Because culinary practices at the palace provided a model for the entire empire, the ways of the sultan and his household had a profound impact on the cooking practices and habits of the empire’s elite. Their ways, in turn, were imitated by ordinary subjects of the sultan in both Istanbul and the provinces. In this manner, meals prepared for the imperial council in Istanbul eventually helped introduce Ottoman culinary traditions to the world outside the palace.
The grand vizier and his cabinet sat down to lunch only after they had attended to affairs of state. Their meal was comprised of six distinct dishes. The starter was always a rice dish, known as dane (Persian for “grain”) in the palace and as pilaf elsewhere. Dane could include a number of rice dishes, such as plain rice; Persian rice; rice with minced meat, vegetables, raisins, or currants; and even rice with plain pepper. The second course was usually chicken soup, which most likely also included onions, peppers, chickpeas, lemon juice, and parsley. The traditional third course, börek, was a baked or fried pastry filled with chicken, cheese, minced meat, potatoes, and a variety of vegetables, such as parsley, spinach, leek, or eggplant. Çömlek aşi (Chömlek ashi), made up of clarified butter, onions, sesame, sumac, chickpeas, and meat, was another popular third or fourth choice. Börek and çömlek aşi at times were replaced by a variety of soups or bull
ion (şurba-i sade or tarbana soup), or even by vegetable dishes such as burani, which consisted of spinach or another vegetable with rice and yogurt. In addition to burani and dolma, main courses also could include the old-fashioned Turkish pasta dish titmaç (titmach), along with yogurt and a kind of wheat gruel with meat.

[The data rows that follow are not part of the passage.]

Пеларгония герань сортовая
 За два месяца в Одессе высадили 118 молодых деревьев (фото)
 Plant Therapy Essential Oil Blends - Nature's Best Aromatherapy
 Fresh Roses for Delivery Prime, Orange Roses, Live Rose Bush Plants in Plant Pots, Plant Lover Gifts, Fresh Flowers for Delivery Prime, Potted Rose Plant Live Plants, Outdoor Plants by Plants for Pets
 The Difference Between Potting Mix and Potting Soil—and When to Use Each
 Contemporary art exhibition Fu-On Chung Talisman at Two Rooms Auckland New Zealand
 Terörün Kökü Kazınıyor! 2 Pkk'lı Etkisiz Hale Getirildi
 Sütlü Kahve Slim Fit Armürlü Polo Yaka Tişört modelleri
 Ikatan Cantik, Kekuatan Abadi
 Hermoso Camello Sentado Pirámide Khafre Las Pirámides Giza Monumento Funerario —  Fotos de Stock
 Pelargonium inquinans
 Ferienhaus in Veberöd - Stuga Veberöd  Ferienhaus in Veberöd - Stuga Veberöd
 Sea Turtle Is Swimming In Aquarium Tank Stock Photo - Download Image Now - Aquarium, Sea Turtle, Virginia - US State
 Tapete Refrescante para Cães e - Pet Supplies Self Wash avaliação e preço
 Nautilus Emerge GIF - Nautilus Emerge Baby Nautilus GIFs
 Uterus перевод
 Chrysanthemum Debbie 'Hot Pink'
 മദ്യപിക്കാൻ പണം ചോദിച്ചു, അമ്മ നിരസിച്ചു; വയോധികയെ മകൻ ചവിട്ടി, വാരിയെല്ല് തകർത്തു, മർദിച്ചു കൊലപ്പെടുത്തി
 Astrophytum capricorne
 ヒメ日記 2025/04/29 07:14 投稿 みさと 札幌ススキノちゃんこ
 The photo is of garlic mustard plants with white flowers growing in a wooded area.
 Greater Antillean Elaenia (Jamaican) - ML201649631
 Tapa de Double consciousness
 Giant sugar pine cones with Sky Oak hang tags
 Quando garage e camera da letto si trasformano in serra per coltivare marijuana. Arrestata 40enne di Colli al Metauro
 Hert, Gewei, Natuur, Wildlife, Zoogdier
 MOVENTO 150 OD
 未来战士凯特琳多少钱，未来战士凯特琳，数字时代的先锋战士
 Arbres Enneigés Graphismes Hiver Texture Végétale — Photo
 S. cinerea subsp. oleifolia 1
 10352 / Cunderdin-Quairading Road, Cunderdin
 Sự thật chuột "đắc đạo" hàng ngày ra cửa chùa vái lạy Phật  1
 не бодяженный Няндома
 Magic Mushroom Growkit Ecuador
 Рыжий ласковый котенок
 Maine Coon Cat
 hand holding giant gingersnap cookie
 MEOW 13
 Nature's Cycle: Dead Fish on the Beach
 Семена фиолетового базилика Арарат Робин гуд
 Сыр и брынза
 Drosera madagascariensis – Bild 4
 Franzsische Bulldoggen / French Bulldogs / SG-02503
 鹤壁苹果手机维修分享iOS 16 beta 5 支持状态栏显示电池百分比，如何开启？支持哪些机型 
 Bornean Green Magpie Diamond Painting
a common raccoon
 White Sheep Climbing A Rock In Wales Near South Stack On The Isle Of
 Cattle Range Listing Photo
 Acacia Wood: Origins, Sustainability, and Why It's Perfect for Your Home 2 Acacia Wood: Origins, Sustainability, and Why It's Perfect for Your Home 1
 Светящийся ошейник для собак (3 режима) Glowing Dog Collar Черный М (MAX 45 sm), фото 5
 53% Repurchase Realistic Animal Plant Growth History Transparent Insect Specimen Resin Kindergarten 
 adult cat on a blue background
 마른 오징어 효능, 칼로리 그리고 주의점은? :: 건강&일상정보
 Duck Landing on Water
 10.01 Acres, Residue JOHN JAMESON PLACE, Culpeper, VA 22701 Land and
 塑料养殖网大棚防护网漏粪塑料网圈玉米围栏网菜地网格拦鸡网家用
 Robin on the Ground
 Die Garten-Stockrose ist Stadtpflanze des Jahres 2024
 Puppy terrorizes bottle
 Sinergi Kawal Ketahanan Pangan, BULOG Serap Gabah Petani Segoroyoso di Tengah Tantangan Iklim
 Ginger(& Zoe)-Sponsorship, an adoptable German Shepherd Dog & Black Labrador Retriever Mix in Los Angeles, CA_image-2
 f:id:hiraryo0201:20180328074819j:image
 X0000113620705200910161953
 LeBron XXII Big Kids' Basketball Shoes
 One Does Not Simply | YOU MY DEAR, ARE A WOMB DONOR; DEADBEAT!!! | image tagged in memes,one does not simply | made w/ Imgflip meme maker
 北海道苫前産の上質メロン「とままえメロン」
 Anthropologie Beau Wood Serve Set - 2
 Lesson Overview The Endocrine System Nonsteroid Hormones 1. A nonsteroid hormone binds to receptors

The fourth of the six courses was usually a sweet dish, such as baklava or another type of traditional dessert. At times dessert was preceded by a more substantial course, such as sheep’s trotters with vinegar, cow’s tripe, sausage made of gut or meat ragout, or poached eggs with yogurt. The sixth and final course was always a meat dish, most likely some variety of kebab consisting of lamb, chicken, pigeon, or meatballs, either grilled or fried as köfte.
A variety of breads and sherbets always accompanied the imperial cabinet’s meal. Along with these, a mix of stewed, sugared, fresh, and dried fruits, most often grapes, raisins, currants, apricots, and figs, was served. Dried fruits also were heavily used in various main dishes. Böreks could be flavored with dried apricots, currants, dates, chestnuts, and apples, along with the expected minced meat and onions. Raisins, currants, chestnuts, and almonds also were used in pilafs and other rice dishes.
Meals for the palace secretaries, scribes, and servants of the imperial council contrasted sharply with the dishes prepared for the grand vizier and his cabinet. The food served was not only of lower quality, but it was limited to two dishes, consisting mostly of rice or wheat soup, plain rice, or a wheat dish that contained eggs. These also could include a yogurt soup called mastabe, which combined clarified butter, yogurt, meat, chickpeas, onions, and parsley. The absence of any sweet dishes reflected the simplicity of the menu intended for the lower-ranking members of the imperial divān.